Ein Knopfdruck später schwebt die Hand wieder über der gesamten Leiche. Mit dem Analogstick bewege ich sie zum rechten Arm der Toten und zoome mich hinein. Vorsichtig ziehe ich einen zur Hälfte zerrissenen Bibliotheken-Mitgliedsausweis aus ihren Fingern. Ich, das ist Cole Phelps, Kriegsveteran und seit neustem im Morddezernat tätig. Sie, das ist eine noch namenlose Tote, 21 Jahre jung. Ihr anderer Arm offenbart ein Hand mit abgebrochenen Fingernägeln. Der Schmuck ist geklaut, der Ehering wurde brutal vom Finger gerissen. Ich beende die Untersuchung fürs Erste.
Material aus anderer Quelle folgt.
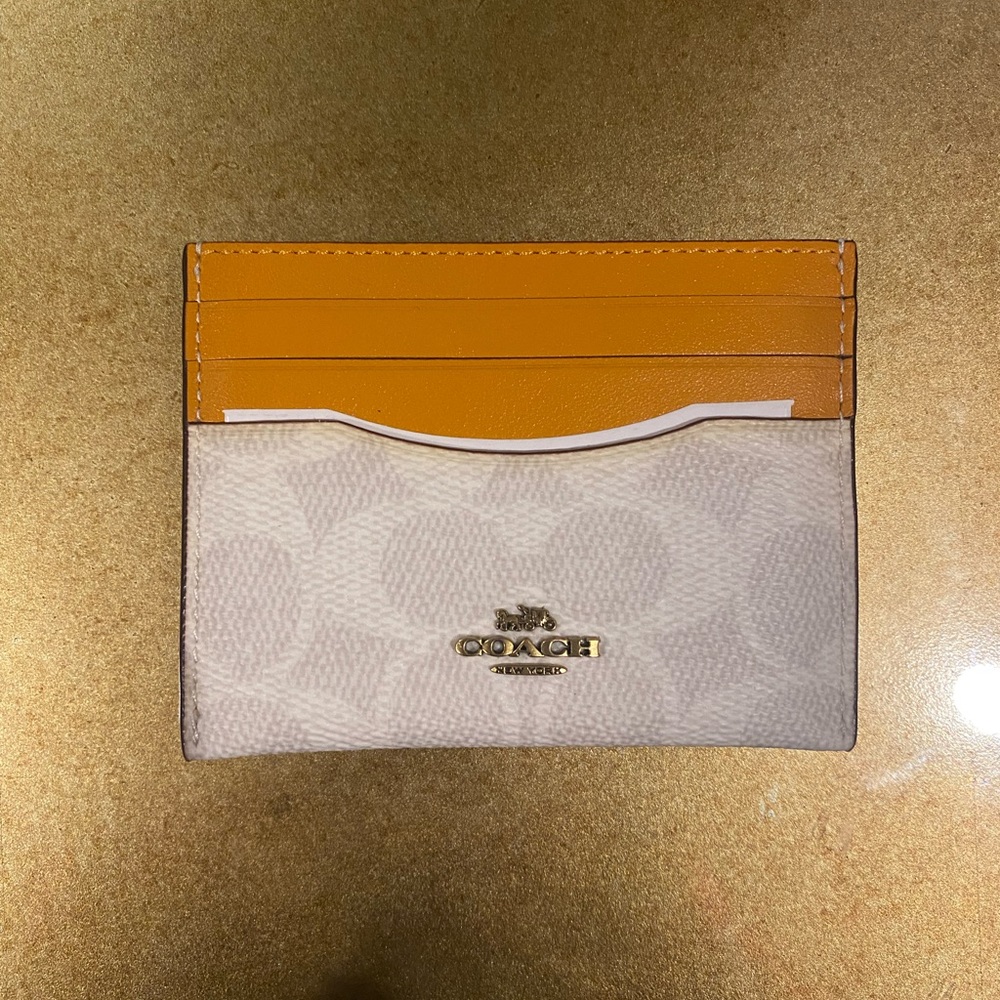 Coach wallet / cardholder. Brand new. Ivory and orange. Never used.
L.A. Noire ist, das unterstreichen sie bei Rockstar immer wieder heute, ein Spiel für Erwachsene, auch wenn es relativ wenig mit den bisherigen Rockstar-Hits gemein hat. Es ist kein Sandbox-Game, kein offener Vergnügungspark wie es die letzten vier, fünf Grand Theft Auto-Teilen waren. Es ist eher eine Mischung aus Heavy Rain und Phoenix Wright: Ace Attorney, wo keine böse Szene ausgespart wird. Wie auch, wenn es zu großen Teilen um Gewaltverbrechen im Los Angeles des Jahres 1947 geht.

L.A. Noire
Phelps arbeitet sich an vermutlich knapp 20 Fällen ab - nicht alles Morde übrigens.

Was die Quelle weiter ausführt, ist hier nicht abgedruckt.